▶ **Dataset excerpts**

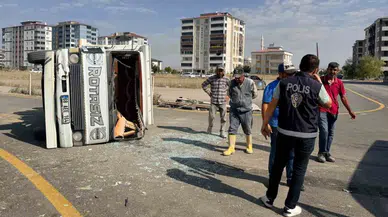 Kahramanmaraş Elbistan’da Kamyon Devrildi: 2 Yaralı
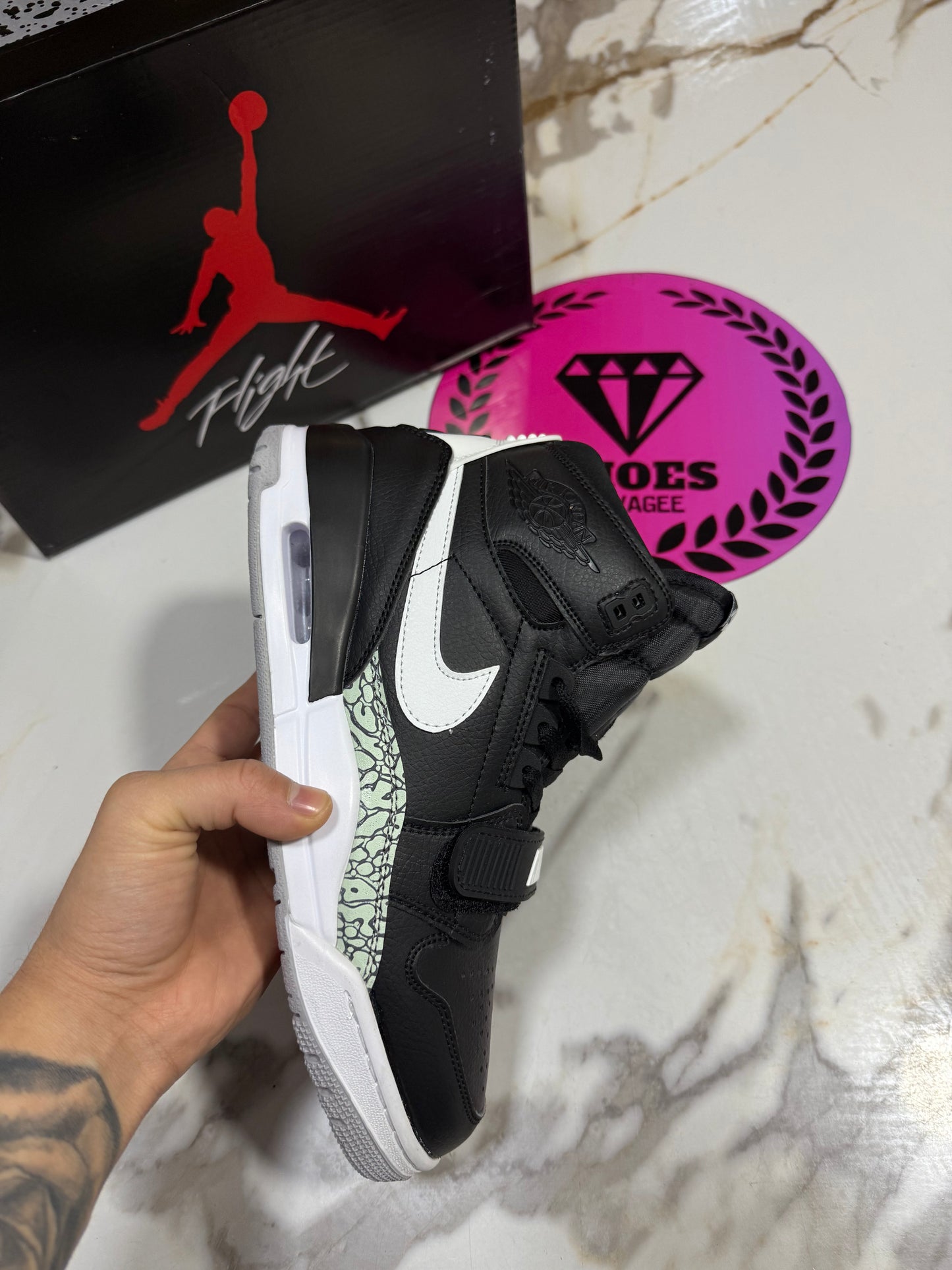 JORDAN RETRO 312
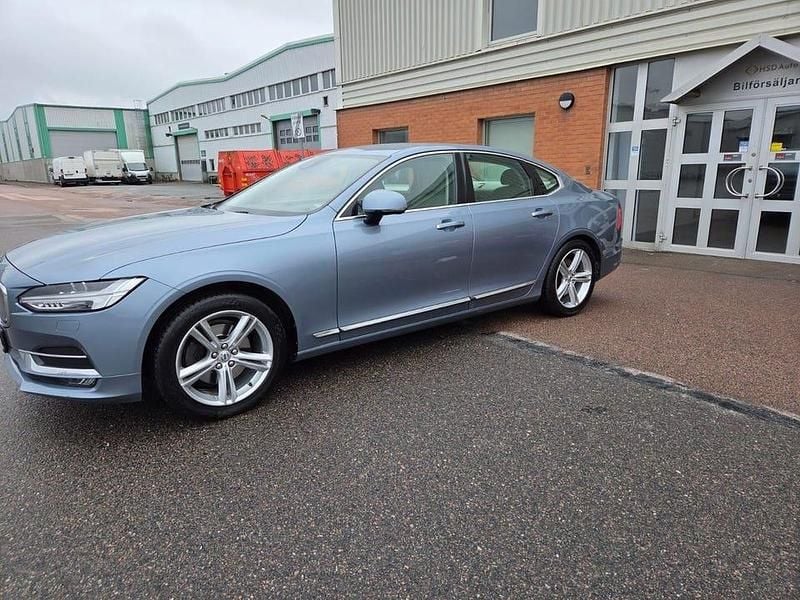 Begagnad Volvo S90 Inscription 255 HK (187 kW) 2017 Ljusblå Sedan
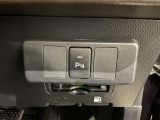 障害物に近づくと、警告音(ピーピー音)やディスプレイ表示で運転者に知らせ、安全な駐車をサポートします。
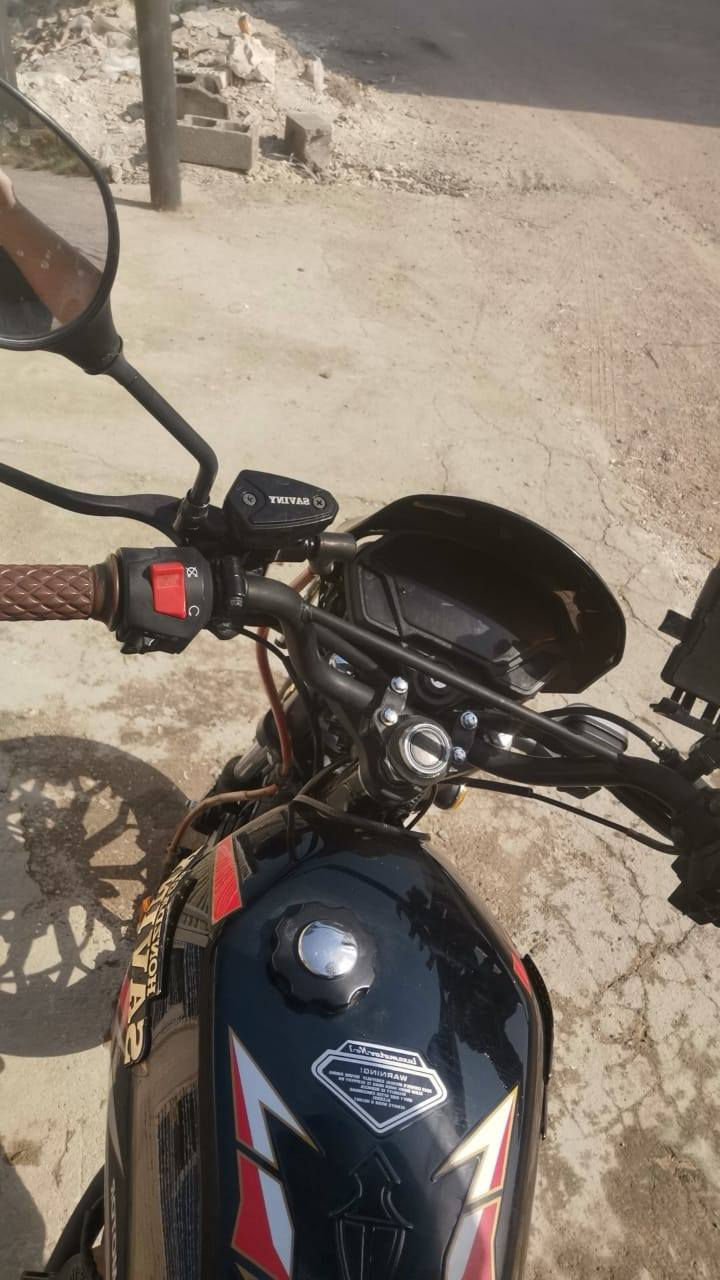 دراجه البيع موديل 2025  المكان بغداد محرك الدرجه 150 //السعر ٧٠٠
الرقم/***********
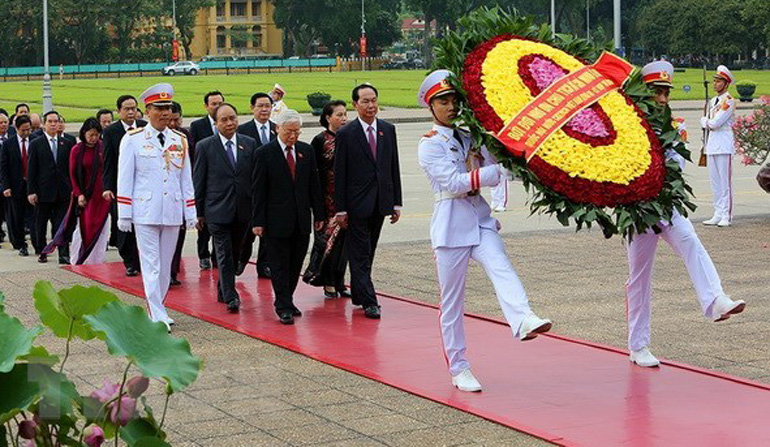 Lãnh đạo Đảng, Nhà nước và đại biểu Quốc hội đặt vòng hoa và vào Lăng viếng Chủ tịch Hồ Chí Minh - Ảnh: TTXVN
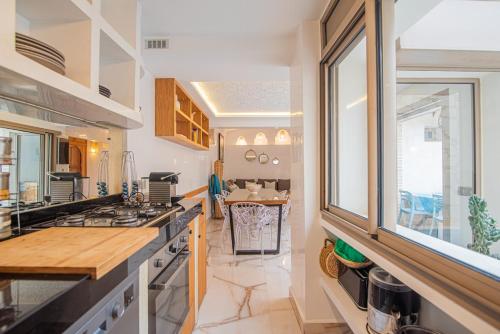 주방, Villa avec piscine chauffée à seulement 10min de la mer ! (Villa avec piscine chauffee a seulement 10min de la mer !) in 스위스 시티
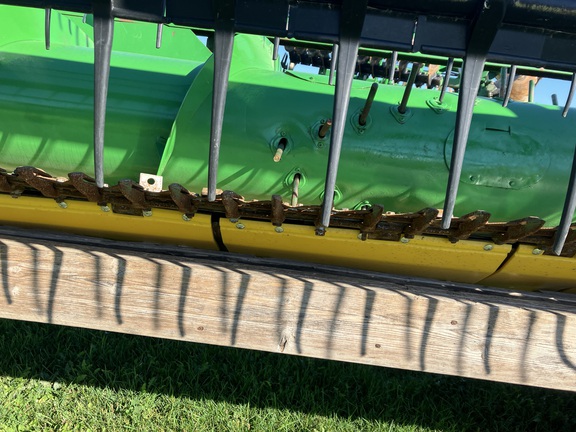 1996 John Deere 922 Header Combine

▶ **Required action**
Above are the records; repeat them exactly, omitting every picture.

▶ **Answer below**
 Kahramanmaraş Elbistan’da Kamyon Devrildi: 2 Yaralı
 JORDAN RETRO 312
 Begagnad Volvo S90 Inscription 255 HK (187 kW) 2017 Ljusblå Sedan
 障害物に近づくと、警告音(ピーピー音)やディスプレイ表示で運転者に知らせ、安全な駐車をサポートします。
 دراجه البيع موديل 2025  المكان بغداد محرك الدرجه 150 //السعر ٧٠٠
الرقم/***********
 Lãnh đạo Đảng, Nhà nước và đại biểu Quốc hội đặt vòng hoa và vào Lăng viếng Chủ tịch Hồ Chí Minh - Ảnh: TTXVN
 주방, Villa avec piscine chauffée à seulement 10min de la mer ! (Villa avec piscine chauffee a seulement 10min de la mer !) in 스위스 시티
 1996 John Deere 922 Header Combine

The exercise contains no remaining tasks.